Exercise materials
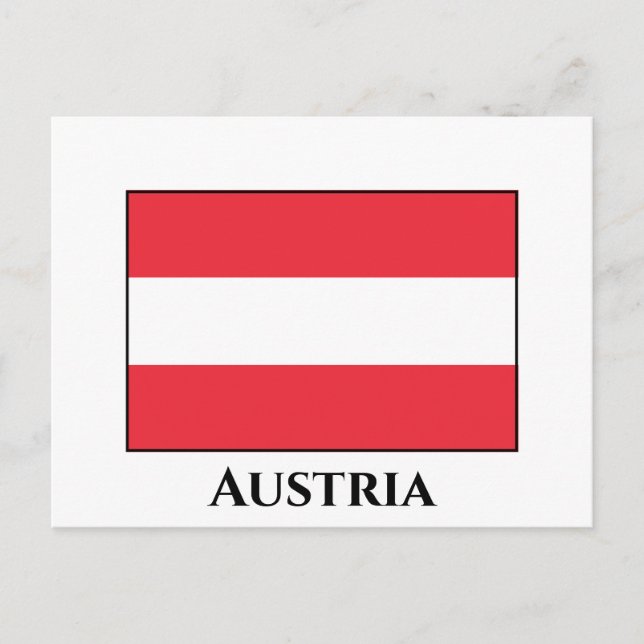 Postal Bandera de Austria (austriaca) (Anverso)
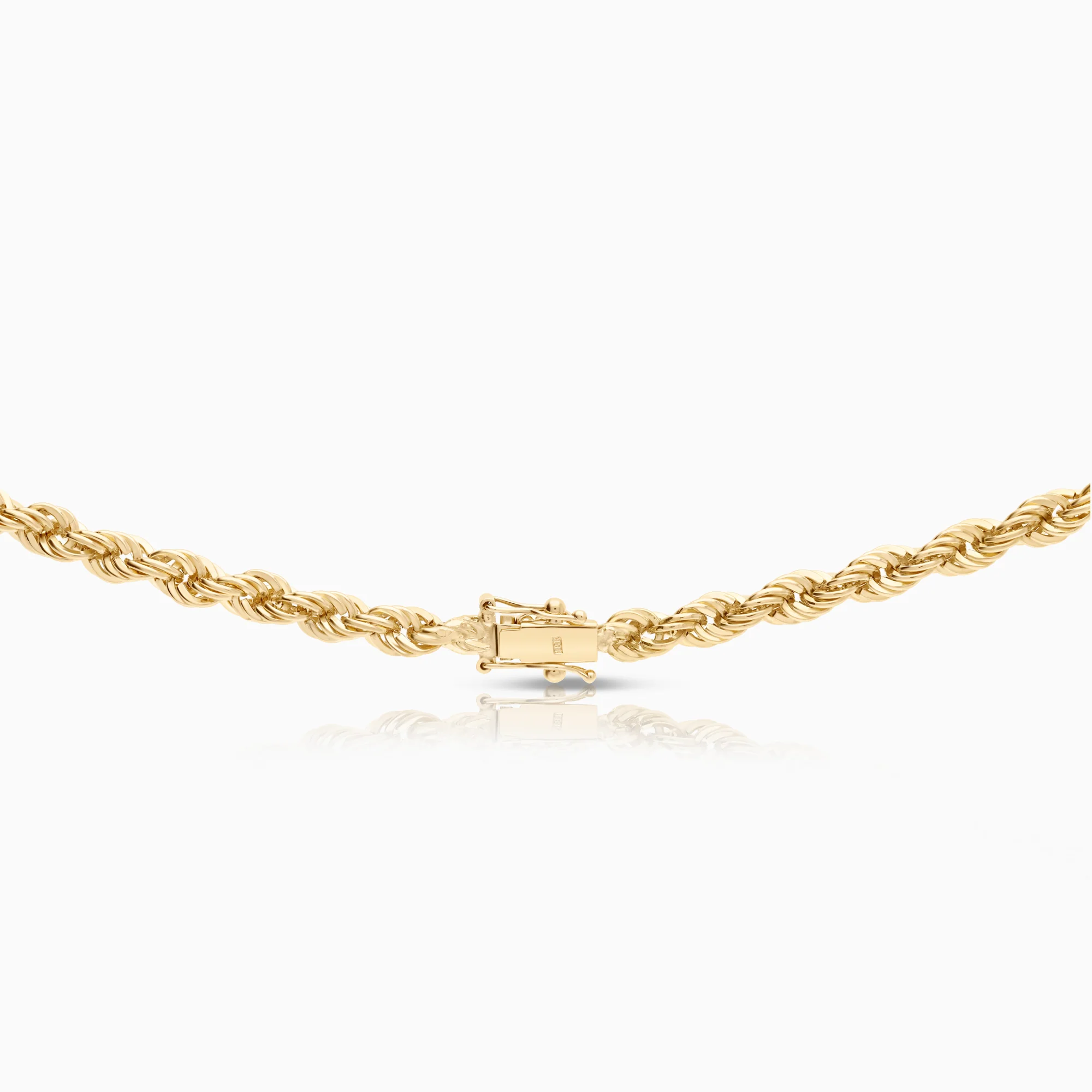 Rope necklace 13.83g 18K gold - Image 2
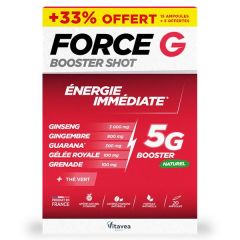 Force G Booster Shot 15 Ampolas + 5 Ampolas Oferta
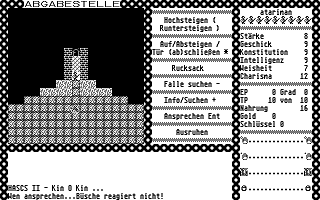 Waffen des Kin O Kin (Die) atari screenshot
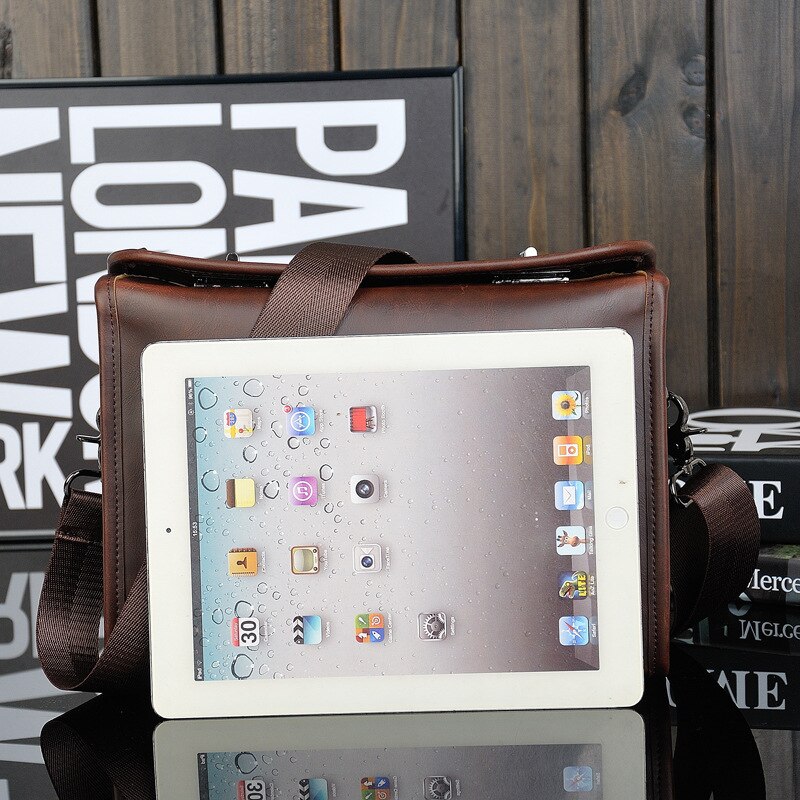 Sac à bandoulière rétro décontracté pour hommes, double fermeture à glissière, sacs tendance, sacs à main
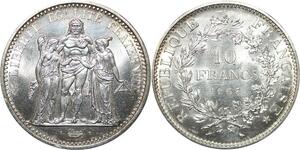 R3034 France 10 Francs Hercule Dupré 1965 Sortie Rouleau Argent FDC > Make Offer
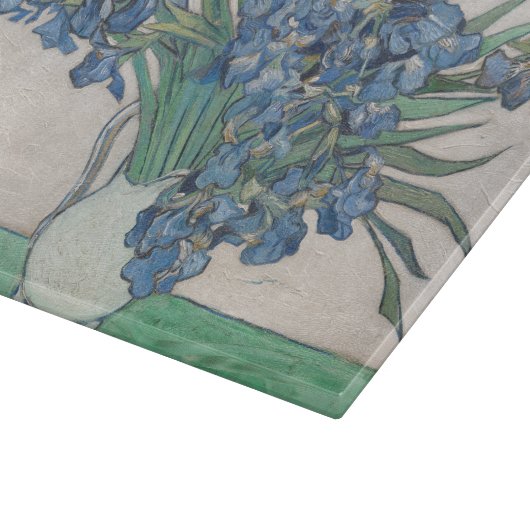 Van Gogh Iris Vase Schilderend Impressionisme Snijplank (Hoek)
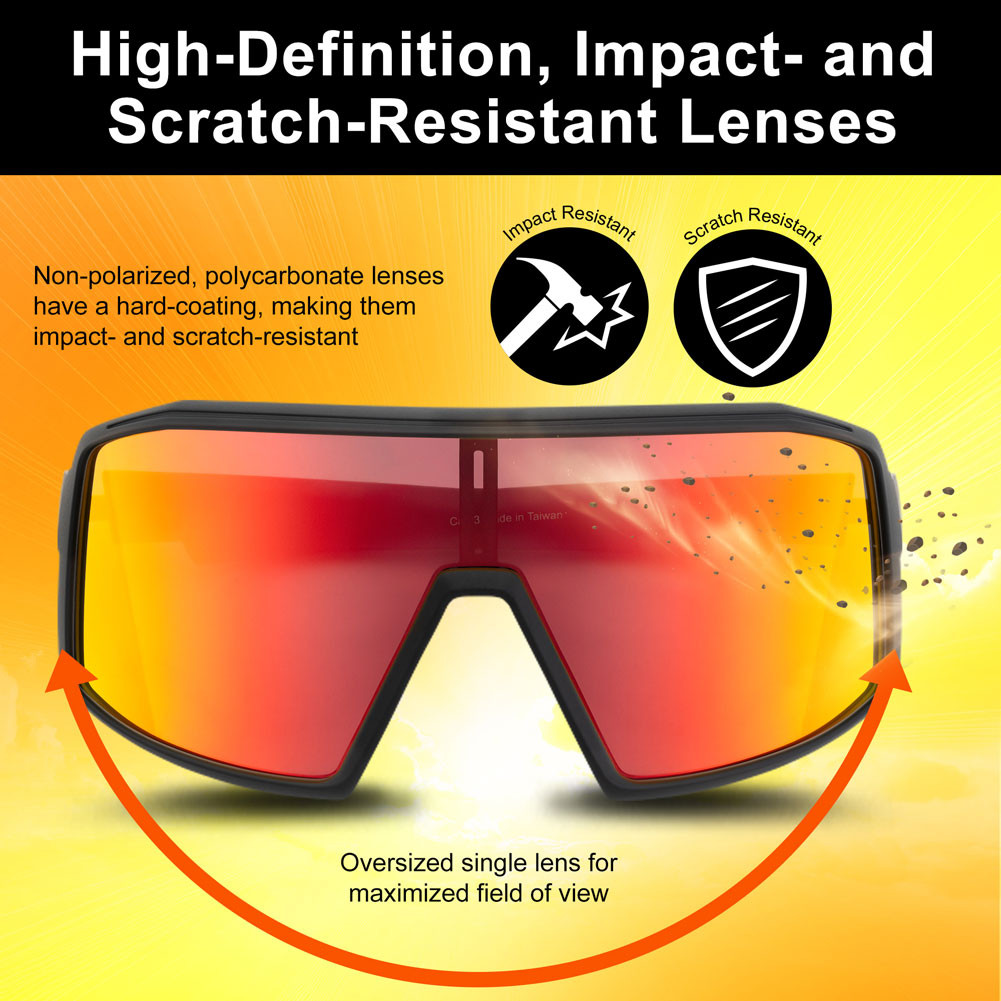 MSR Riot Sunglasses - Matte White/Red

==

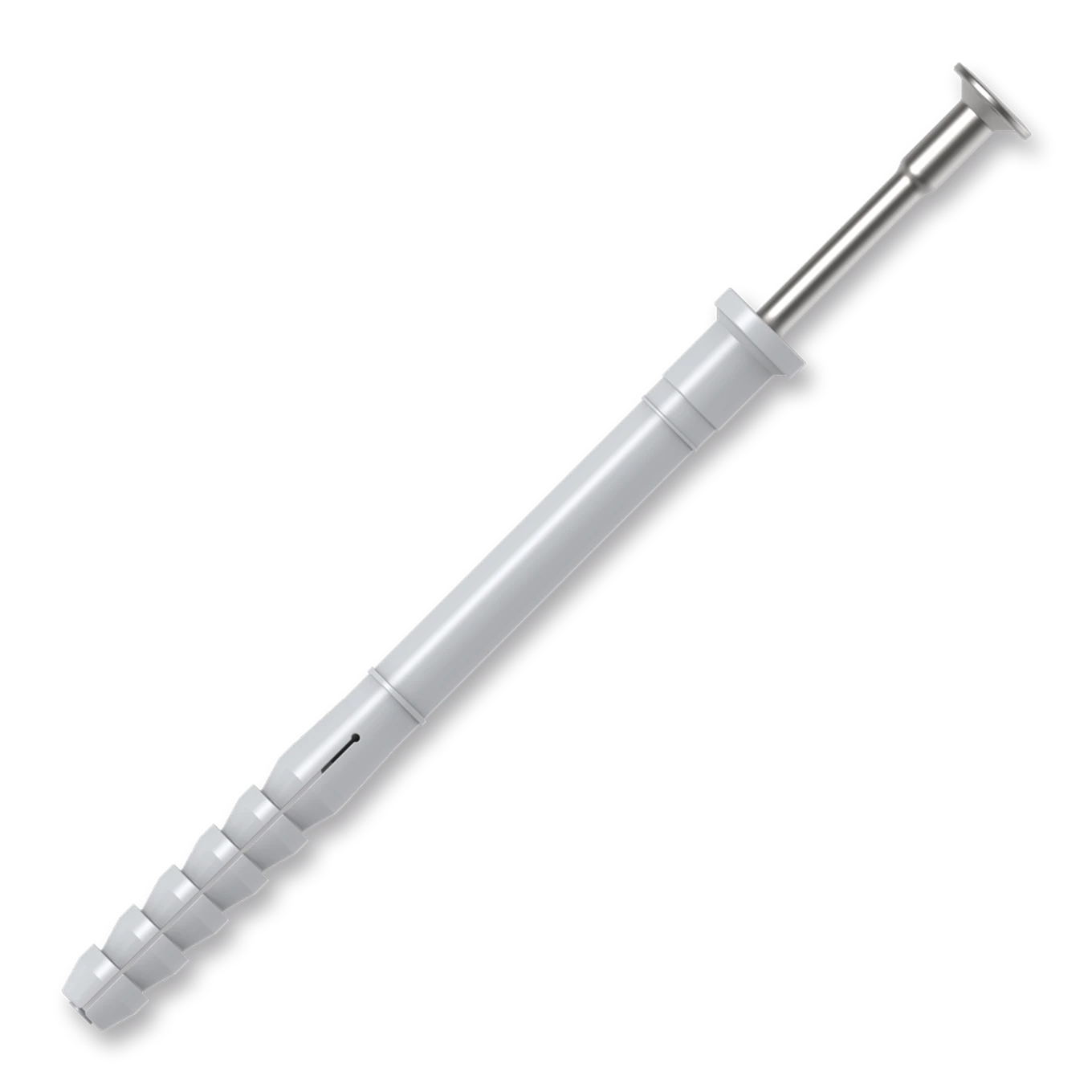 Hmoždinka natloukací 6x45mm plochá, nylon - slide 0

--

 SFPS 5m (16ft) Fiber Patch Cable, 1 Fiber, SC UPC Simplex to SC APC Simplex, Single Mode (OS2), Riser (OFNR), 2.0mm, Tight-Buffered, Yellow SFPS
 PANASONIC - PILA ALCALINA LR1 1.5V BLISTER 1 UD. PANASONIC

What you will do
In the data above, start at the line holding "Postal Bandera de" and stop after the line holding "MSR Riot Sunglasses - Matte White/Red"; write out those lines exactly, without pictures.

Result for this task
 Postal Bandera de Austria (austriaca) (Anverso)
 Rope necklace 13.83g 18K gold - Image 2
 Force G Booster Shot 15 Ampolas + 5 Ampolas Oferta
 Waffen des Kin O Kin (Die) atari screenshot
 Sac à bandoulière rétro décontracté pour hommes, double fermeture à glissière, sacs tendance, sacs à main
 R3034 France 10 Francs Hercule Dupré 1965 Sortie Rouleau Argent FDC > Make Offer
 Van Gogh Iris Vase Schilderend Impressionisme Snijplank (Hoek)
 MSR Riot Sunglasses - Matte White/Red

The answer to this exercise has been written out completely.